(Records shown)
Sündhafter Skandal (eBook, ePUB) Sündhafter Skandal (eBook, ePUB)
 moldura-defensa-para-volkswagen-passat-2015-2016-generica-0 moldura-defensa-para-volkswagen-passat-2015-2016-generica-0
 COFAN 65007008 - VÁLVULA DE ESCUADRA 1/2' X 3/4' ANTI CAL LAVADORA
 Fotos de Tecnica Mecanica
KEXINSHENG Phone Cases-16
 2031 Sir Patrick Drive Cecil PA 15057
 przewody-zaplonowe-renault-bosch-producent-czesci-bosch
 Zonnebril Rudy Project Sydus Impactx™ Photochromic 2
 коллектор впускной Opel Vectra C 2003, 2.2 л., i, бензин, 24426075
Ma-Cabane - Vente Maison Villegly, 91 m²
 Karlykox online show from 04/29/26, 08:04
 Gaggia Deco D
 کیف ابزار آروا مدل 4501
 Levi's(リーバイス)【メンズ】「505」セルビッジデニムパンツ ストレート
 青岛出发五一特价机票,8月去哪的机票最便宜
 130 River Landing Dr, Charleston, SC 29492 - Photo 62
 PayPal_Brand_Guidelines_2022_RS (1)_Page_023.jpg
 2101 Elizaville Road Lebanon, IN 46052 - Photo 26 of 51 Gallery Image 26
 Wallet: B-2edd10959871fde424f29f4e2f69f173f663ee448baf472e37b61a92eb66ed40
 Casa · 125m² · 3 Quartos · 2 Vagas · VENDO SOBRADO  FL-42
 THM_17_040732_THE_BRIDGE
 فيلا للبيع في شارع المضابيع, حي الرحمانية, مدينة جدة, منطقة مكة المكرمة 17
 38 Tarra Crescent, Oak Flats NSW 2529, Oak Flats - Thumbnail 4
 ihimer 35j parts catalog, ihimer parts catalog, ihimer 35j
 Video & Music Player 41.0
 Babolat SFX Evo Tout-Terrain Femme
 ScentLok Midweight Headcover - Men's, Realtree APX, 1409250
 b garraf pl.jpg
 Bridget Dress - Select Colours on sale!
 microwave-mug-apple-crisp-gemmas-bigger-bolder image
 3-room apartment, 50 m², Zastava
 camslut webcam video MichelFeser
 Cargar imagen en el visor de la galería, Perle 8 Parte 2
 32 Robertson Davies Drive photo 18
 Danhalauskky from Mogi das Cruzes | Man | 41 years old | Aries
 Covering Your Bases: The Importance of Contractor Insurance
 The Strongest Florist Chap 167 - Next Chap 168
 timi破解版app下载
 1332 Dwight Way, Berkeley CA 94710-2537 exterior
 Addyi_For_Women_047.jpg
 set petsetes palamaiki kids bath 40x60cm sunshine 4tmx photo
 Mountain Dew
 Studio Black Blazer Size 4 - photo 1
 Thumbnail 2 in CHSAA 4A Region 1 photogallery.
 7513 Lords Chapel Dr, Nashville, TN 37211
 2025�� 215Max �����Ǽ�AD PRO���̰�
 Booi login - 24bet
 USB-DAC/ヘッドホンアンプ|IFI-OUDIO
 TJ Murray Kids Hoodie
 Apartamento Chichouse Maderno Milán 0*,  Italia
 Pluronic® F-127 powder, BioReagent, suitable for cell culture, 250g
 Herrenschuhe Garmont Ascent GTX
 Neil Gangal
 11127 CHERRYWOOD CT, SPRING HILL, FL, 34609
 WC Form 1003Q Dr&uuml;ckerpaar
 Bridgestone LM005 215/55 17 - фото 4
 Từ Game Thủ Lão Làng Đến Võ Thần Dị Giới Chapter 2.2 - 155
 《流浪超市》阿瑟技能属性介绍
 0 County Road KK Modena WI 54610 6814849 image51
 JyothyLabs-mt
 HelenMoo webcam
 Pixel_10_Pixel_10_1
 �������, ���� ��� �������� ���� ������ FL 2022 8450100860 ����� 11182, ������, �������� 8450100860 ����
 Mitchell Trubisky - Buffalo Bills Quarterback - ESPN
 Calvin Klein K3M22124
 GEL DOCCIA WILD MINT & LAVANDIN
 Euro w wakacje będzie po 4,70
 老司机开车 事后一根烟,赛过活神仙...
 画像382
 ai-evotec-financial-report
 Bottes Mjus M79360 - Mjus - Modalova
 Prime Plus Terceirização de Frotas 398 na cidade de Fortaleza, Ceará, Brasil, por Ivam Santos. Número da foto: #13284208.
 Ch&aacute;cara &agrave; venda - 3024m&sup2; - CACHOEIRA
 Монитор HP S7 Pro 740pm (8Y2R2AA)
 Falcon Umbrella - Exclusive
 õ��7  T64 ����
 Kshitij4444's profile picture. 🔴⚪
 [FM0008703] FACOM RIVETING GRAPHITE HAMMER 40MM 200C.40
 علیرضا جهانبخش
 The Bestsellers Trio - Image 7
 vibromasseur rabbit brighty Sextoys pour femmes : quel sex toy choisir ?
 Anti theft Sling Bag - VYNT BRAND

(Exercise requirements)
If a line of the data contains "Thumbnail", copy it out.

(Answer section)
 38 Tarra Crescent, Oak Flats NSW 2529, Oak Flats - Thumbnail 4
 Thumbnail 2 in CHSAA 4A Region 1 photogallery.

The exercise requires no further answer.